> What the task asks
Exact repetition, pictures omitted: give every record below again.

*** Opening of Records shown ***

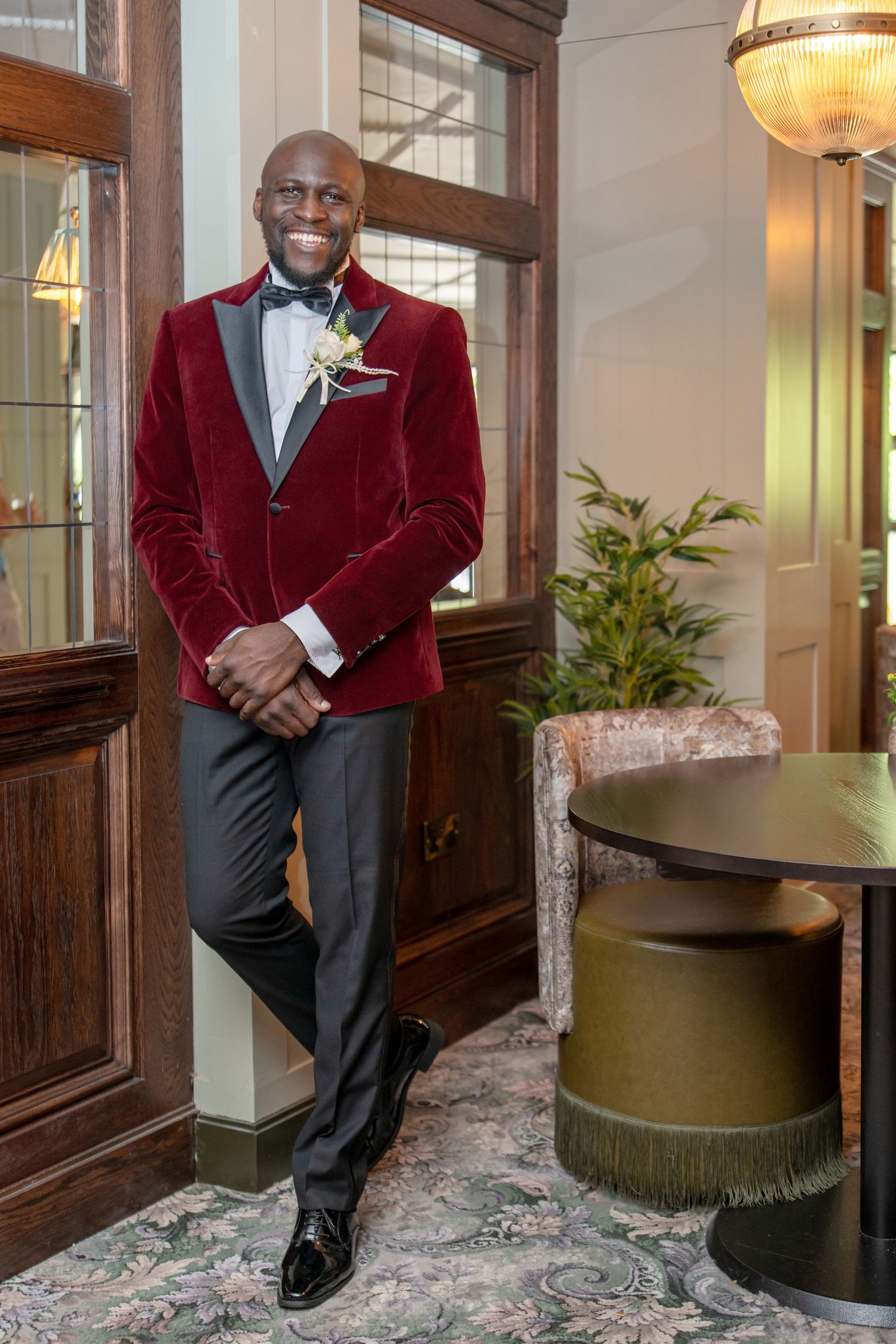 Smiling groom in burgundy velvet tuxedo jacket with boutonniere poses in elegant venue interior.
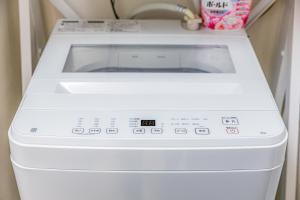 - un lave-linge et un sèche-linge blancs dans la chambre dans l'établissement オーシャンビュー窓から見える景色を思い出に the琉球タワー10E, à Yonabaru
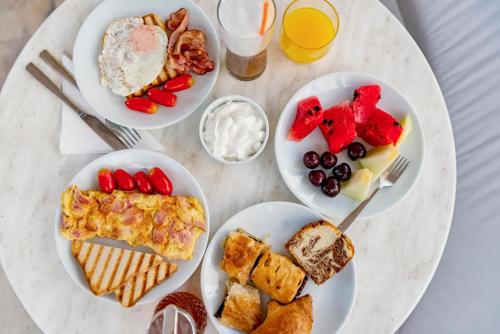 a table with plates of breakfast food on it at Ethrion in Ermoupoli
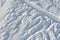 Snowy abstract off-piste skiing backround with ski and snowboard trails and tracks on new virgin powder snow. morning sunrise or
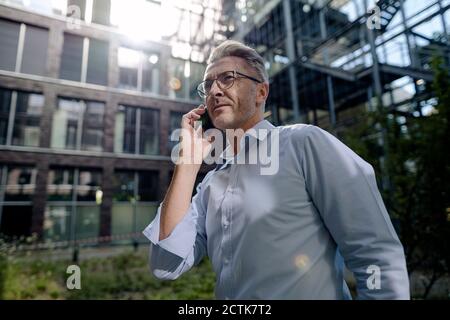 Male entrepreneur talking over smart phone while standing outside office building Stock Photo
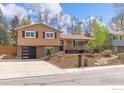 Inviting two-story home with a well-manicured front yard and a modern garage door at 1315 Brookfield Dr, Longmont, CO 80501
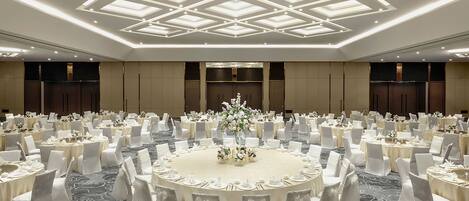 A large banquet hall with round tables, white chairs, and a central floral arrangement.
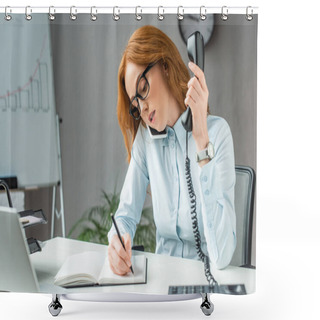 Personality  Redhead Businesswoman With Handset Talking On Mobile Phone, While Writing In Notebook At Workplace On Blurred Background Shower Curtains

*** Close of Records shown ***

> Exercise result
 Smiling groom in burgundy velvet tuxedo jacket with boutonniere poses in elegant venue interior.
 - un lave-linge et un sèche-linge blancs dans la chambre dans l'établissement オーシャンビュー窓から見える景色を思い出に the琉球タワー10E, à Yonabaru
 a table with plates of breakfast food on it at Ethrion in Ermoupoli
 Snowy abstract off-piste skiing backround with ski and snowboard trails and tracks on new virgin powder snow. morning sunrise or
 Male entrepreneur talking over smart phone while standing outside office building Stock Photo
 Inviting two-story home with a well-manicured front yard and a modern garage door at 1315 Brookfield Dr, Longmont, CO 80501
 A large banquet hall with round tables, white chairs, and a central floral arrangement.
 Personality  Redhead Businesswoman With Handset Talking On Mobile Phone, While Writing In Notebook At Workplace On Blurred Background Shower Curtains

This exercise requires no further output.